Two house rules that we have used are:

- Skill Focus makes the chosen skill a class skill (hasn't come up often, but nice option. Typically players are looking for a bonus to a skill that already works with their class and is therefore a class skill already.)

- With a good explanation, each character starts off with two skills that are always class skills as "background skills". And if class grants them as class skills at first level (or choose same skill twice) get a +2 bonus. The players in my groups have been really good at using this for background skills like Climb, Swim, Handle Animal, etc. So far that has often been used to round out a character's backstory and not as a means to min/max.


BTW, Ken, did you enjoy the Dragon Compendium?

Dark Archive Bella Sara Charter Superscriber

The only thing I would add is that feats like this have the weird side effect of making characters without the class skill better than those with the class skill. It's a little bit strange because the character that is best at opening locks is not the rogue under this system. You may want to think about providing some other bonus to characters who already have the skill as a class skill to even things up and give them an additional incentive to take the feat.

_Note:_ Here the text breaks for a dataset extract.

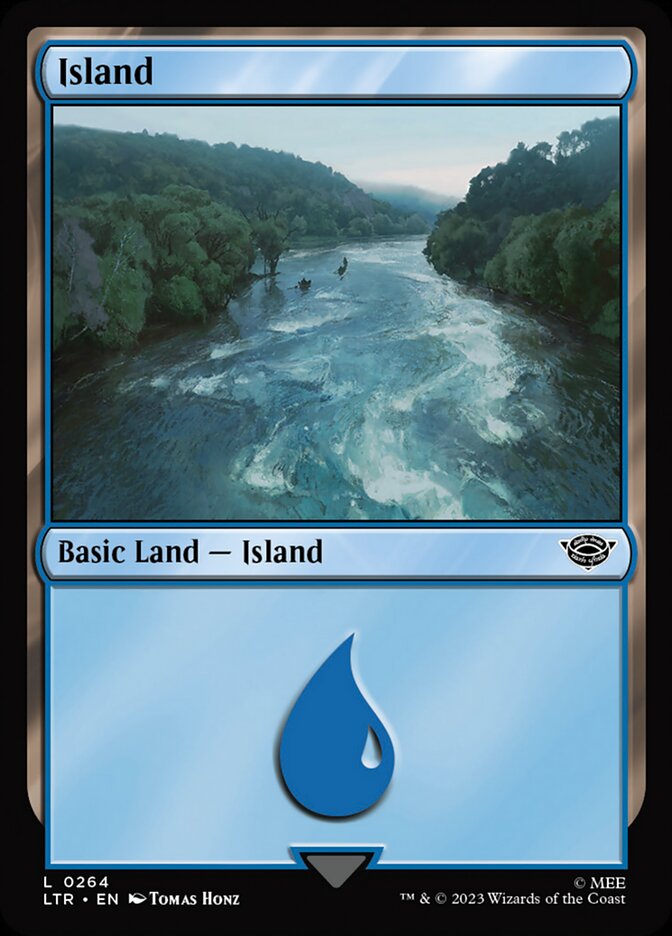 Island (The Lord of the Rings: Tales of Middle-earth)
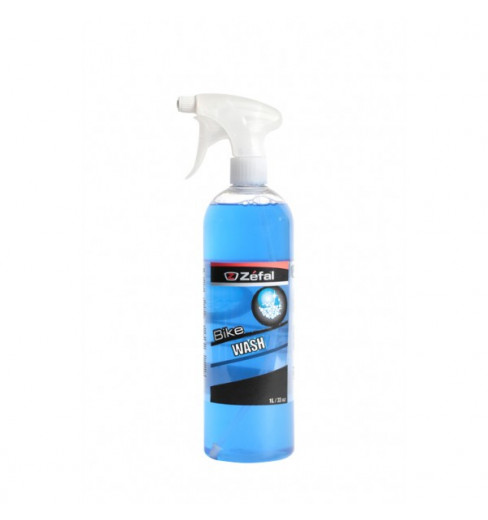 Zefal cleaning product BIKE WASH 1 LITER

That's a great point, Sebastian. I think another possible disadvantage to the 2-skill switch system is if a player just switches for an easier route to a particular prestige class, without a decent background/cultural reason. (On the other hand, if said player does so for min/man reasons, then villainous NPCs can do so just as well.) Perhaps it's fairer in games with fewer than normal players, or where a group is missing key roles (for example, where a group of 4 PCs has two arcanists, a cleric, and a warrior, but no rogue).


IMC, I have a house rule where you get one additional class skill per point of intelligence bonus.

Also, if a player can justify it, I allow them to trade out one class skill of another (at 1st level only). For example, a cleric of Procan (a sea god in Greyhawk) would certainly have swim for a class skill, & therefore might trade out Knowledge (Arcana) for it.


Adventure Path Charter Subscriber; Pathfinder Rulebook, Starfinder Adventure Path, Starfinder Roleplaying Game, Starfinder Society Subscriber

I usually let players switch class skills for non-class skills 1 for 1, as long as they use the same ability (for instance, a swashbuckler dropping Craft to gain Appraise to simulate a merchant upbringing). This is generally all the flexibility you need if you utilize background skills (skills that are always considered class skills for a certain background: mountain-dwelling dwarves get Knowledge/Dungeoneering, forest-dwelling elves get Survival, humans from a coastal town get Swim, etc.).


Zherog wrote:
One of the things I like a lot about the World of Warcraft RPG produced by Sword and Sorcery Studios is that skills that have a racial bonus are also always considered a class skill. To bring that mechanic into D&D and give an example, Listen, Search, and Spot would always be a class skill for an elf.

Isn't that already the case? The Wizards' glossary page would suggest it is.